LAWS(DLH)-2013-12-316

LSM EXPORTS Vs. COMMISSIONER OF CENTRAL EXCISE

Decided On December 20, 2013
LSM Exports Appellant
V/S
COMMISSIONER OF CENTRAL EXCISE Respondents

JUDGEMENT

(1.) The present appeal by the assessee against the order dated 17th July, 2012 passed by the Customs, Excise and Service Tax Appellate Tribunal is belated and delayed by 185 days. However, before issuing notice on the application for condonation of delay, we have deemed it appropriate to examine the contentions raised in the appeal on merits. We have heard learned counsel for the appellant, who accepts that primarily disputes and issues raised by the appellant in the appeal are factual. On legal issues, he submits that the appellant was denied right of cross-examination of the departmental officers, who had visited the factory on 4th November, 2003 and, therefore, there was a violation of principles of natural justice. This aspect has been examined by the tribunal in paragraph 16 and it has been highlighted and held that the case of the Revenue was based upon records and not on statement of any investigating officer. The appellant was responsible and should have accounted for the goods imported duty free by them.

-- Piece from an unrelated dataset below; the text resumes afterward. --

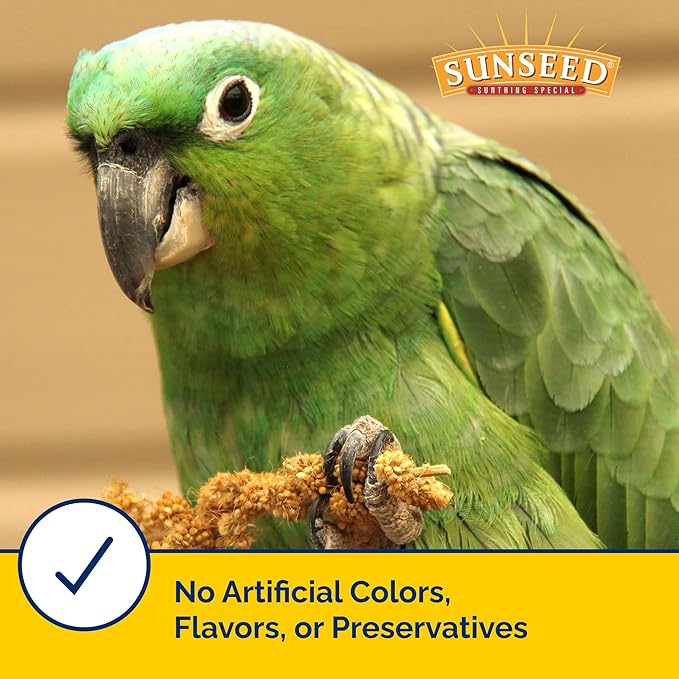 Sunseed Golden Spray Millet Treat for Birds, 21 oz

(2.) On the date when factory/unit of the appellant was inspected/searched, the physical stock available was short of quantities which ought to have been available. Further, goods actually available in the premises were not recorded in the books. Shortage noticed, was treated as sold in domestic tariff area. Statements of Lalit Mohan dated 17th November, 2003, 19th November, 2003 and 20th November, 2003, accepting the said sales without invoice have been referred to. Documents produced subsequently after four months did not inspire confidence and could not be the basis for accepting the alibi of the appellant. The first show cause notice was issued for duty not paid on manufacture/processed goods cleared, whereas the second show cause notice included the duty payable on the imported goods cleared without processing. The appellant had not been able to produce evidence to show processing. The appellant had set up 100% export oriented unit for export of processed during fruits including spices, pista oil, clove powder and black pepper powder. He had imported almonds in shell, cloves, cardamom, cumin seeds and raisins without duty under bond with the obligation that the processed goods would be exported. The appellant had just one room in their factory address and there was no space and other facility to process imported goods. No accounts were maintained for imported, processed or sold stock.

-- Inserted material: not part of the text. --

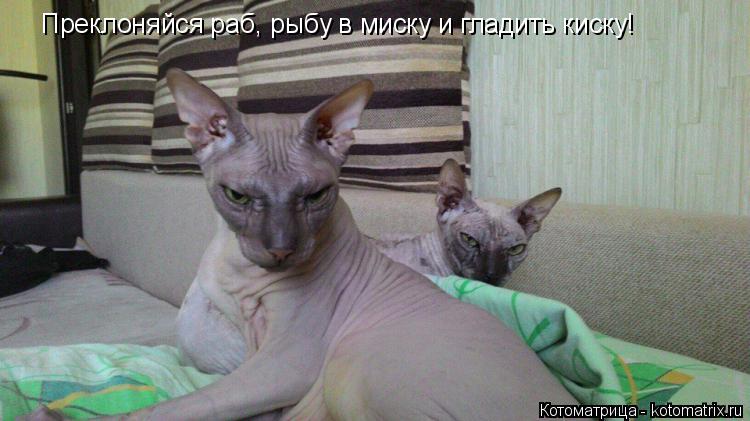 Котоматрица: Преклоняйся раб, рыбу в миску и гладить киску!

(3.) The second legal contention raised by the appellant in the present appeal is that the second show cause notice dated 6th December, 2006, enhanced the duty demand. This vitiates the adjudication order as well as the impugned order. We have considered the said contention, but again find that the tribunal has correctly recorded that the enhanced demand was on account of examination of records and new facts coming to light for the Revenue. In these circumstances, the second show cause notice was issued. This notice was in fact akin to rectification or corrigendum to the original show cause notice. Tribunal has also mentioned that the original show cause notice did not take into account the Special Duty of Customs while computing quantum of duty evaded. It has been recorded that the second show cause notice itself was within five years from the disputed period and, thus, the question of limitation did not arise. This is not factually disputed.